Here’s a list of the primary laws that need to be covered if you are an e-commerce startup:
- Companies Act or Limited Liability Partnership Act or the Indian Partnership Act
- Contract Act
- Consumer Protection Act
- Information Technology Act & rules
- RBI Payment and Settlement Systems Act
An e-commerce startup can choose to be set up as a private limited company or a limited liability partnership or as a conventional partnership. Most often, a conventional partnership or an LLP form is preferred over a private limited company while starting up as it is cost effective. There are no compulsions regarding investment size unlike the necessity of a paid up share capital in a private limited company.

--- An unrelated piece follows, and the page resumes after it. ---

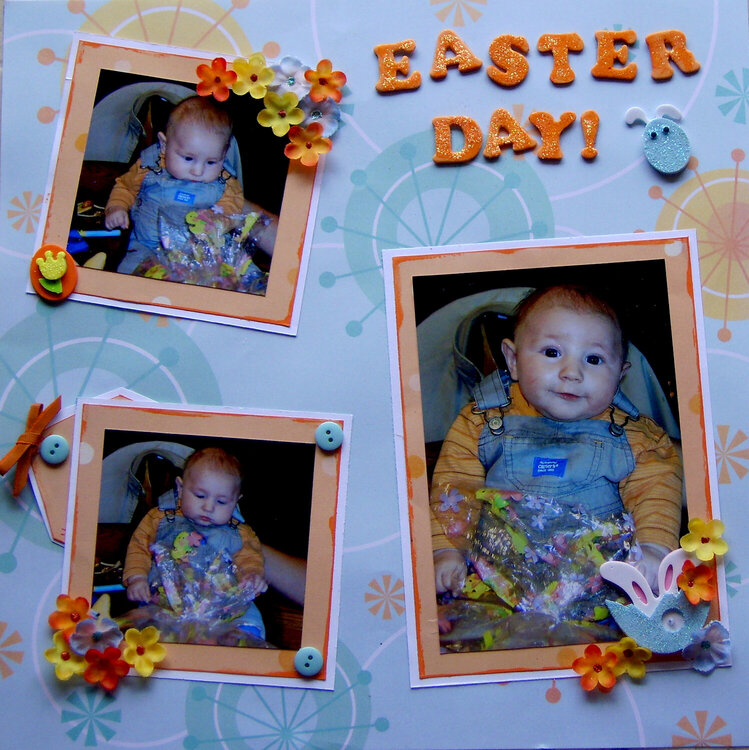 Easter Day!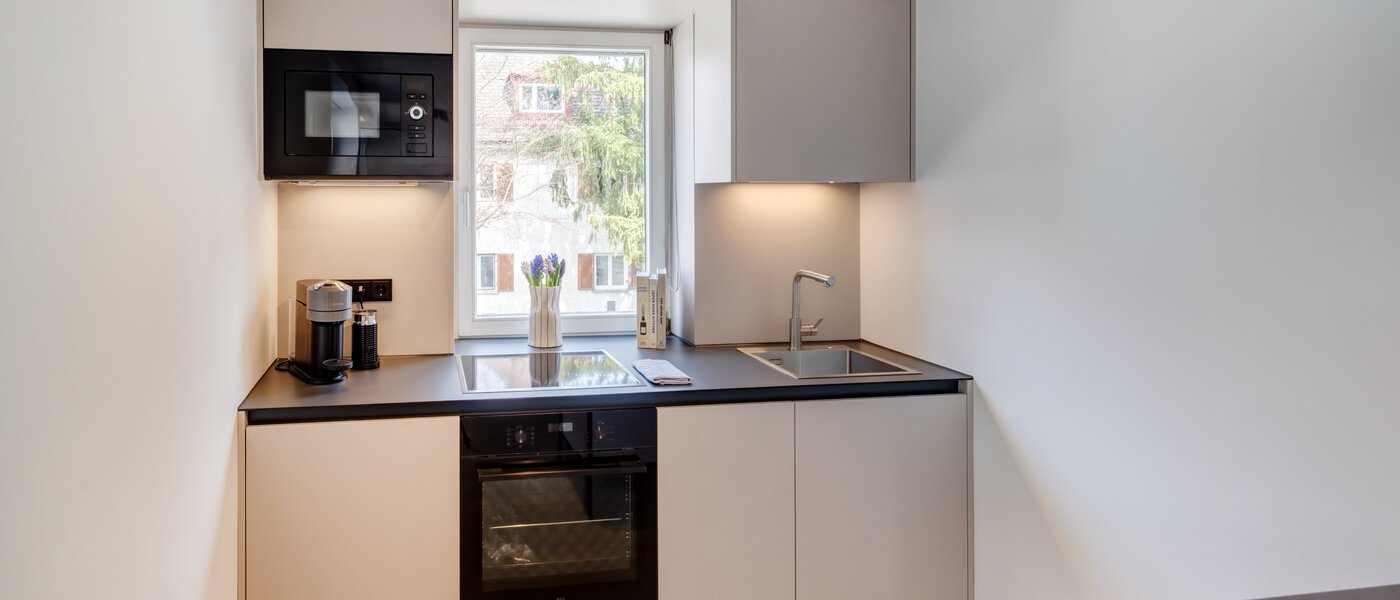 appartamento München Giesing 01 cucina 8231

Since every e-commerce company essentially engages into a contract with its customer, it is bound by the corresponding Act governing contracts. Alongside, a strict web policy and a good cancellation policy is also recommended. Specify particularly the use of the site, a warranty disclaimer and protect as much as possible the use of third party intellectual property.
Depending on the type of transaction that a customer opts for, the Reserve Bank of India’s payment and settlement act comes into force. Cash on delivery transactions are excluded from this. Recently, card not present (CNP) transactions have been given a lot of coverage especially since RBI issued its third notification emphasizing its stance on the additional two step authentication process. Nowadays entrepreneurs have a pocketful of options to choose their choice of payment gateways. All one needs to ensure is that the gateway is registered with the RBI.
If shopping has been made easier by the advent of e-commerce, then it’s only natural to even commoditize the idea of setting up an e-commerce company. Shopify, Godaddy, Bigrock and Zepo provide quick help to new entrepreneurs looking to join the e-commerce bandwagon. Owning a website is not expensive, but that may not be the case if one ignores the legal aspects.